Late-term Omega-3 Consumption Benefits
For the study, researchers Gina Muckle and Eric Dewailly first measured docosahexaenoic acid (DHA) concentration, a type of omega-3 fatty acid involved in the development of neurons and retinas, in the umbilical cord blood of 109 infants.
"DHA concentration in the umbilical cord is a good indicator of intra-uterine exposure to omega-3s during the last trimester of pregnancy, a crucial period for the development of retinal photoreceptors and neurons," explained Dr. Dewailly.
Following this, the researchers conducted tests on these infants at 6 and 11 months.
The results showed that the babies' visual acuity as well as their cognitive and motor development were closely linked to DHA concentration in the umbilical cord blood at the time of their birth.
However, there was very little relation between test results and DHA concentration in a mother's milk among infants who were breast-fed.
"These results highlight the crucial importance of prenatal exposure to omega-3s in a child's development," said Dr. Muckle.
Researchers observed that DHA concentration in the umbilical cord blood was in direct relation with the concentration found in a mother's blood, a reminder of the importance of a mother's diet in providing omega-3 fatty acids for the fetus.
They also noted that DHA concentration was higher in the fetus' blood than in the mother's.
"While developing its nervous system, a fetus needs great quantities of DHA. It can even transform other types of omega-3s into DHA in order to develop its brain," said Dr. Dewailly.
The researchers recommend that all pregnant women should be encouraged to get sufficient amounts of omega-3s.

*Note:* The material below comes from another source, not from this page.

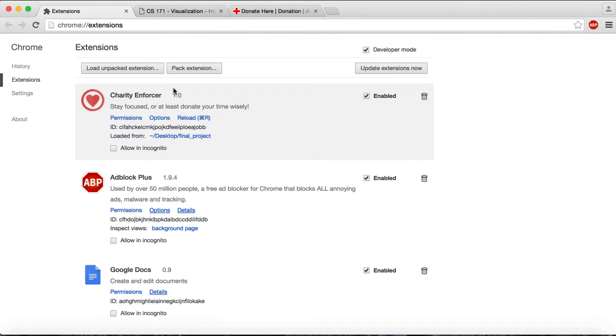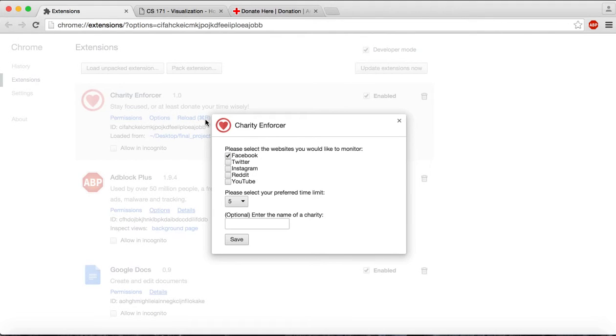Once the extension has been loaded onto your Chrome browser, you can select which of the available websites you'd like to monitor.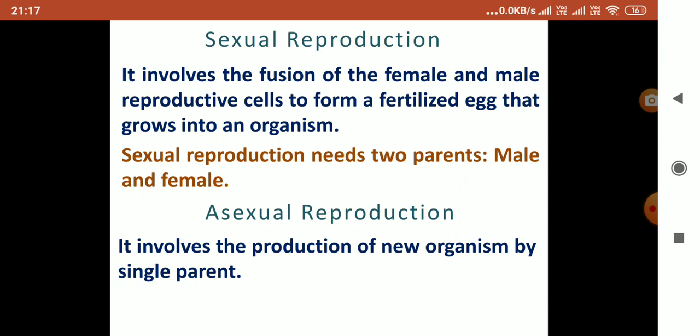One parent is male and one is female. In asexual reproduction, a new organism is produced from a single parent.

"A diet rich in omega-3s during pregnancy can't be expected to solve everything, but our results show that such a diet has positive effects on a child's sensory, cognitive, and motor development. Benefits from eating fish with low contaminant levels and high omega-3 contents, such as trout, salmon, and sardines, far outweigh potential risks even during pregnancy," the researchers concluded.
The study is published in a recent edition of the Journal of Pediatrics.